▸ **EXERCISE PROMPT**
Search the listing below for the word "with", and copy every line in which it turns up.

▸ **SUPPLIED MATERIAL**
++++++++

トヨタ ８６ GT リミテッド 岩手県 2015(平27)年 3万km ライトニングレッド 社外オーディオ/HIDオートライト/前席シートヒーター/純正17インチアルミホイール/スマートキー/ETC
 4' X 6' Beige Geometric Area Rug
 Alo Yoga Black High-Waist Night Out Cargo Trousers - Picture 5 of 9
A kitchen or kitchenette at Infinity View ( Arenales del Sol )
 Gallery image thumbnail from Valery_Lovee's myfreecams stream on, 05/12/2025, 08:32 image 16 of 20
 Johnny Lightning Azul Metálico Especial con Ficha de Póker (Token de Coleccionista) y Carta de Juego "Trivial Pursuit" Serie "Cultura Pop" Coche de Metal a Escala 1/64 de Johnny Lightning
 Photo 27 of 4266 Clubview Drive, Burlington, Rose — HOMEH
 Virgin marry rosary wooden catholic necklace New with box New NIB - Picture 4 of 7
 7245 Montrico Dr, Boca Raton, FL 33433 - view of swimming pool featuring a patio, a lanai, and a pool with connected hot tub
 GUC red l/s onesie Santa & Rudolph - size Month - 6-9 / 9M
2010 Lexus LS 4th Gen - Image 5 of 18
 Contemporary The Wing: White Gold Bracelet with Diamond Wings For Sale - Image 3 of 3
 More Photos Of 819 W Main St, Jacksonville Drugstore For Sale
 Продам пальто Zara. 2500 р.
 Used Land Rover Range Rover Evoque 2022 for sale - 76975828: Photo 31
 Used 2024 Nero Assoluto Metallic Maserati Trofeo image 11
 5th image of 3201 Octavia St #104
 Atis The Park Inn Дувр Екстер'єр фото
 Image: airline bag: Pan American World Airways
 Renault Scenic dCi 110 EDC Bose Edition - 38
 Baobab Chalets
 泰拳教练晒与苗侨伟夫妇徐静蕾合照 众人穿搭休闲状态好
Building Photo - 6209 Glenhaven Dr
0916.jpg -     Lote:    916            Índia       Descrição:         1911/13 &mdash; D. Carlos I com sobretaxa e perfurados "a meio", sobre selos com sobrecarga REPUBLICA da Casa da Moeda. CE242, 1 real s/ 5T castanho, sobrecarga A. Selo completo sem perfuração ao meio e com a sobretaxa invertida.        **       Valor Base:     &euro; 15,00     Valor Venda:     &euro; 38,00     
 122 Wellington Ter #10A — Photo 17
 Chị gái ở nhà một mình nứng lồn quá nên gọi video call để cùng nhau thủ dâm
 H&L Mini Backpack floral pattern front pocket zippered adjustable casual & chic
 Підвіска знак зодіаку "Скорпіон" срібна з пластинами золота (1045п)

++++++++

▸ **OUTPUT BELOW**
 Virgin marry rosary wooden catholic necklace New with box New NIB - Picture 4 of 7
 7245 Montrico Dr, Boca Raton, FL 33433 - view of swimming pool featuring a patio, a lanai, and a pool with connected hot tub
 Contemporary The Wing: White Gold Bracelet with Diamond Wings For Sale - Image 3 of 3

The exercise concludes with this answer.